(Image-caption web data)
◇ ◇ ◇ ◇

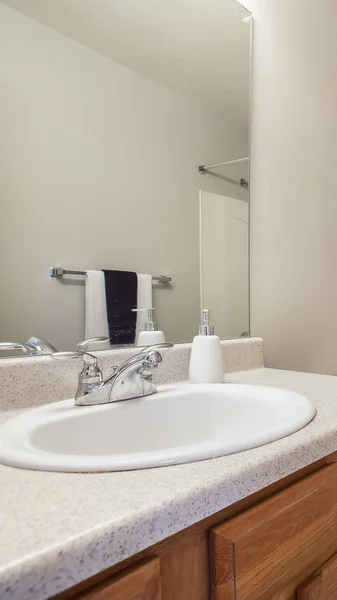 Vertical Pequeño baño interior con una unidad de tocador y toliet contra la pared blanca — Foto de Stock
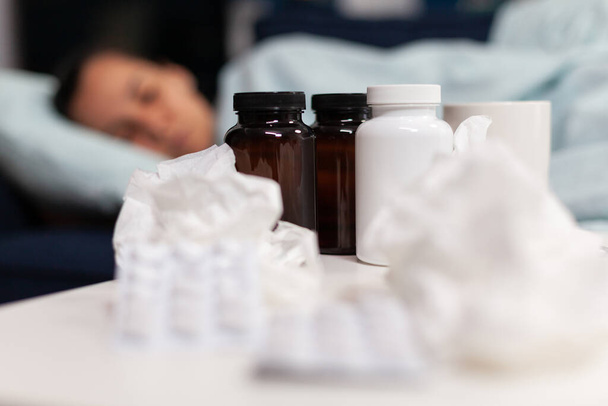 Zbliżenie leków dla chorej kobiety śpiącej na kanapie - Zdjęcie, obraz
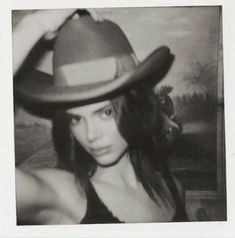 a black and white photo of a woman wearing a cowboy hat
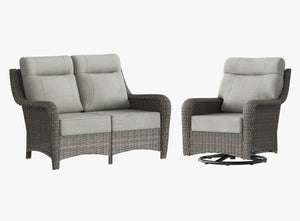 OuterCraft dark PE rattan loveseat and 360-degree swivel rocker chairs with 6-inch thick light gray cushions on clean white background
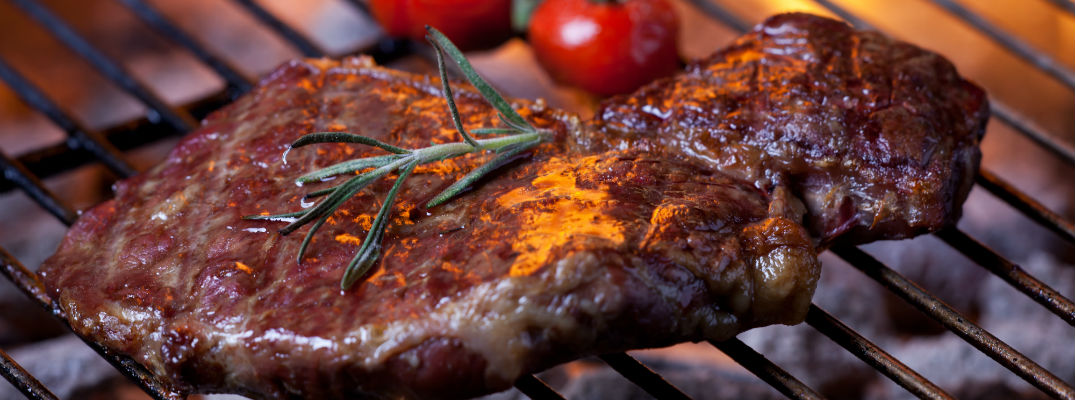 A stock photo of a steak on the grill.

◇ ◇ ◇ ◇

Action item:
Omit the pictures and retype exactly the lines from the one containing "a black and" through the end of the entries above.

Output for this exercise:
 a black and white photo of a woman wearing a cowboy hat
 OuterCraft dark PE rattan loveseat and 360-degree swivel rocker chairs with 6-inch thick light gray cushions on clean white background
 A stock photo of a steak on the grill.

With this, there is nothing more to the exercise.